Jeff’s Gameblog has a great post up today about dissociated mechanics… he links to another post from his so feel free to run off and read – I’ll wait.
I was really appreciative of the comments section of this post. The replies open a nice window into some of the thinking people have about dissociated mechanics from several angles. I also like that Jeff* is so open about his own DM’s (heh) in his post – and the possibility that thinking about these mechanics might be a little off.
I tend to agree with him that our thinking is a little off, that D&D 4e is not the sole (or even just worst) culprit, and that to a certain extent these mechanics are manageable and even okay.
He mentions all those hip indie games that use lots of DMs. It’s true – and it’s why whenever I tell strangers that I’m more into character and story than rules they always suggest some game to me that I have to explain why I don’t play – usually, some form of DM. And I love the breakdown in the post about how mechanics should map to intent and action at the table in a fairly straightforward way. It’s a good way to think about it. And when games over-mechanize certain interactions; that’s the same problem.
For me, the problem with dissociated mechanics is not really that they might not map directly from game rule to action at the table (sometimes they do – or can – as several people find perfect justifications for healing surges**). The problem for me is when I’m forced to think more about the game mechanic than I am about the action at the table it’s mapping too. And a rule can be well-written and smooth in function but I’m still thinking about the game action more than the action of my character. All the dice trading that goes on in games like the new Marvel Supers game and 7th Sea are perfect examples of this. When I’m passing around dice and figuring out complicated pools, and expending resources, I’m thinking more about the “way the game plays” than “what my character is doing.” In many ways, D&D 4E is not actually the worst offender in this category. (It occurs to me that maybe I don’t really understand the “community” definition of dissociated mechanics… this is what I think of when I hear the term.)

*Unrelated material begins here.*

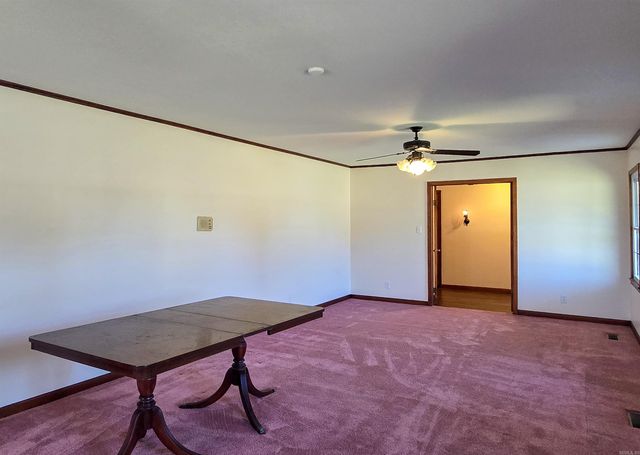 614 Liberty Street, Marked Tree, AR 72365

Some of this happening is inevitable and totally okay. Heck, we are playing games, sometimes you have to think about the “game” part. But minimizing the bits that make me “play a game” is really important to me when I’m on either side of the screen (and perhaps more important to me as a DM). There are games that hit that sweet spot well (for me) and games that don’t (for me). Other people’s tolerances/preferences are elsewhere. That’s cool.
It’s funny, I was just discussing this with a gaming buddy the other day and then it pops up again.

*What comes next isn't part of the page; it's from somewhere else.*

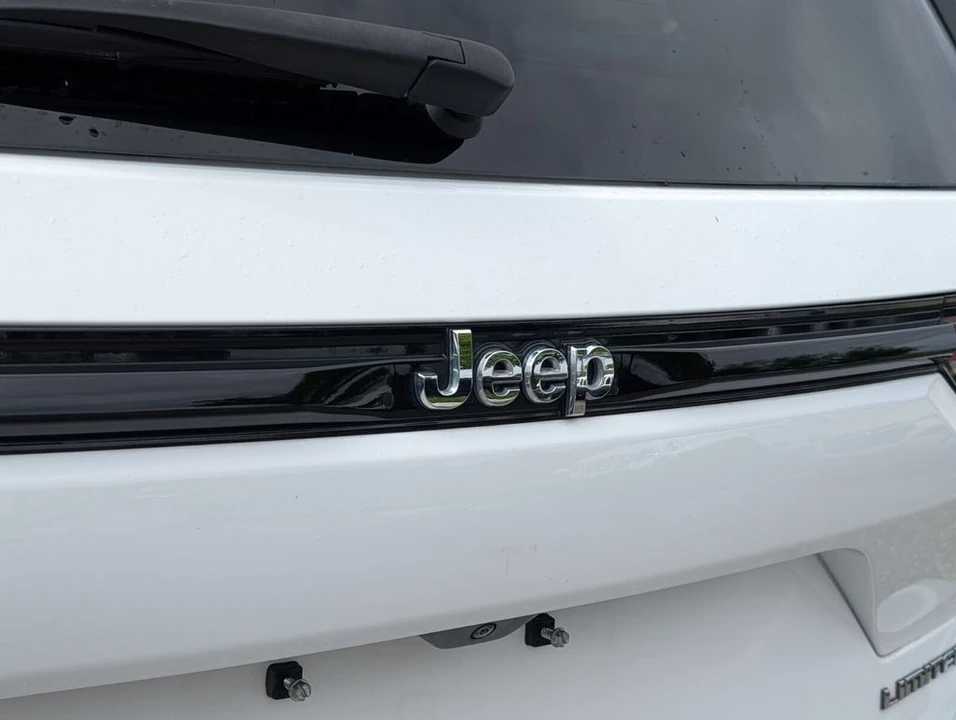 2023 Jeep WL Grand Cherokee - Image 14 of 21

Anyway, this was just my two cents, inspired-by-someone-else weekend post. And a way of linking to other great posts.
Thanks for reading.
* I call Jeff by name up there, which feels weird to me, I don’t know the guy – but since his blog title includes his name, it’s hard to find ways around that… and it’s consistently one of my favorite reads.
** So here’s my idea for healing (surge-style) in D&D. Healing surges can make sense both in a narrative and player’s-mind way of thinking. Watch any professional wrestling match and you’ll see what I mean. Right? But here’s what I’d do. I’d give one surge (literally a Second Wind) a day. One. And it doesn’t give you back part of your hits points – it gives back all of your hit points. Full.
If your DM only runs one combat a day, well, then you’re a superhero. Good for you. If your DM works on the 4E model of small fights leading up to a boss fight then you might be full and good to go for the boss – but maybe, for example, the wizard got unlucky in a previous fight, got surrounded by some sneaky guys or took a few crits from archers and suddenly, he needed his second wind before the boss fight… Adds a level of scare to that fight, of tension, without making everything impossible. And, well, sometimes you still get to be a superhero.
And death is not at -40 hp, or negative level + CON or any of that… It’s at 0. So you get your second wind and that’s it. Otherwise, you in trouble.
This is of course, not perfect, but it’s more in tune with what I see in “fiction” and what I’d like to model in a D&D game.